The Flagler County Sheriff’s Office this afternoon identified the victim of Friday evening’s plane crash in the isolated woods of southwest Flagler County as Thomas Russell Harvey, a 75-year-old pilot celebrated by Skydive Palatka as “our favorite pilot and friend.”
A resident of Jacksonville, Harvey was a retired U.S. Air Force crew chief and master sergeant. He was the pilot and lone occupant of a 10-seat, 2012 Caravan Cessna 208 used in skydiving events, when, on a flight from Sebastian to Palatka Municipal Airport, the plane crashed near Lake Disston. (See the previous article here.)
The plane was originally identified as a 10-seat, 2012 Caravan Cessna 208. Based on its N-number (N40EA), released today, it was a 1985 Cessna 208, owned by Ottawa, Ill.-based Eagle Air Transport, a company with a small fleet of plans that specialize in skydiving events.
A Flagler County Sheriff’s report on the incident places the time when control towers lost contact with the aircraft at 7:45 p.m. Volusia County’s Air One found the plane at 24 minutes after midnight Saturday morning, using heat signatures. “While walking the debris field, the cockpit and passenger compartment of the plane were unidentifiable and apparent that the plane lost control and landed in a cluster of trees,” a sheriff’s report states. “No signs of life were observed, and it was noted that the pilot had no means of ejection.”
Harvey’s is the first plane-crash fatality in Flagler County since Raymond Miller, 77, crashed his experimental plane, a Sonex Waiex, in the marshes of Pellicer Creek in 2014. It had been Miller’s “first solo flight in the experimental amateur-built airplane, which had not been flown for about 6 months,” according to NTSB’s investigation. The plane experienced a total loss of engine power 10 minutes after taking off from Flagler County airport.

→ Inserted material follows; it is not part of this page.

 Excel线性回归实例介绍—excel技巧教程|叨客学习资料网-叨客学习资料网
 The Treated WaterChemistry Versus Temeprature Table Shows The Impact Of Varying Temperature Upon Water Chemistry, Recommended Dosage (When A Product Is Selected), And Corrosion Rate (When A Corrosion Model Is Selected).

The last plane crash in the county took place on Jan. 31, 2022, when a Cessna 195 that ran out of fuel attempted a landing on I-95, clipped a truck, and crashed in the woods, with two people aboard. Their injuries were minor. The NTSB report attributed the crash to “The pilot’s inadequate fuel planning and preflight inspection, which resulted in a total loss of engine power due to fuel exhaustion.”
The National Transportation Safety Board is investigating the crash.